But he would also tip off a commercial radio station, so that people knew they could come to the tavern at Greenleaf and Ravenswood to join their friends from the cab company. It was good publicity for the business, he said.

It was a cop bar, but Jimmy had opened up half of it for us. The cops generally lined up on one side of the racetrack-shaped bar, and we took the other. Christmas in July was the only night in which that formation was significantly disturbed.

The cops liked the party, and they tolerated the cab drivers. That was probably because of Jimmy, an ex-con who wore his history like a badge of honor.

“I did a lot of robbing,” he often growled to detractors. “But whether I used a gun or a pen, I always looked them in the eye.”

He stopped saying that in my presence after I finally told him I couldn’t see how such a rule made stealing any more ethical. But first, he schooled me. He said almost everybody has dishonest moments, so we all should draw some lines we won’t cross, because if we don’t, everything will get really out of hand.

I think the cops appreciated his kind of criminal, because most of the others seemed more unpredictable.

And some of them liked the party, too, because of where it wasn’t: their homes. Their jobs tended to drive them to drink, and the drinking tended to drive them out of the house.

Spouses sometimes came to the tavern, but many of them were cops, too. I remember a couple of times when they actually shot at each other there.

Luckily, they were impaired.

The cabdrivers’ Christmas party was supposed to take the place not of a family get-together, but of an office Christmas party.

The cops all had real holiday parties in December, just like most American workers.  Ours was different from them in more than timing.

For instance, office parties are often dysfunctional events that reflect and expose the problems festering in the office. The animosities that build up in the hothouse environment of a business can, notoriously, explode upon the introduction of intoxicants.

Some of the cabdrivers had their problems with each other, but they weren’t cooped up with each other. Any time they wanted, they could walk away from the car and the radio and take in the landscape of wherever they had wound up.

In many businesses, success brought employees closer to management. For cab drivers, success often took the form of a nice long ride, leading you far away from the bosses and other everyday annoyances.

Despite the occasional drama, employees of other businesses often looked forward all year to old-fashioned office Christmas parties as a break in monotony.

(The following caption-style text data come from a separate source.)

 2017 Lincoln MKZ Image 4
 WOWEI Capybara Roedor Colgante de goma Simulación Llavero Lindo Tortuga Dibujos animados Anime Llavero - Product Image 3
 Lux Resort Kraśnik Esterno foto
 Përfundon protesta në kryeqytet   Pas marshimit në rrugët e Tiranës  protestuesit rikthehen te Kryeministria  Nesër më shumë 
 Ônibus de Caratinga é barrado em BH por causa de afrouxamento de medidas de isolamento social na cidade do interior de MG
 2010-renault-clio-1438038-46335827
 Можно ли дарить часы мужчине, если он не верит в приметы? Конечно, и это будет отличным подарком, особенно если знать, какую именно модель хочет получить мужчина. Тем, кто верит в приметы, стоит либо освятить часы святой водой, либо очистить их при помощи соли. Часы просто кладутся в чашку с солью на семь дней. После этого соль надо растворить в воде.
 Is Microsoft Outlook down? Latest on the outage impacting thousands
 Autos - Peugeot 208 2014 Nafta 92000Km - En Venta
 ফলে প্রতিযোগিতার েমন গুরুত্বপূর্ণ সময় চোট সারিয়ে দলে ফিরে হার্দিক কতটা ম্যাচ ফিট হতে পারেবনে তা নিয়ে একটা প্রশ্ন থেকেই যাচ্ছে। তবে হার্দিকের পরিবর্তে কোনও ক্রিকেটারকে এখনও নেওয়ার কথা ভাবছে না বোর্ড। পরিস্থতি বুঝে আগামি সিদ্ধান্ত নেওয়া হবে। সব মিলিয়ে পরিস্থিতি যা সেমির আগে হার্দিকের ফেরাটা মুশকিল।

Many of our guys didn’t even come to ours, however.

Some didn’t like the idea of everybody knowing it was in a tavern, since they were professional drivers. Others were kept away by a phenomenon I used to call “one last ride.”

That’s what a driver says to himself shortly before any social event. It’s often followed by “Too late anyway. Might as well get another one.”

But some drivers came. Some even went home to pick up wives and kids, giving them an opportunity, perhaps for the only time, to see some of the other drivers they talked about.

The tavern didn’t look the same. Normally, it was dark and dingy, the site, once a week in some years, of a lingerie show.

For the night, Christmas lights hung across the front window. Inside, there were more lights, a Christmas tree, a menorah, free food. The juke box was given a night off from rock and roll and sad country songs, replaced by Johnny Mathis and Bing Crosby and their ilk. Sometimes, we dressed up a fat guy in a Santa suit.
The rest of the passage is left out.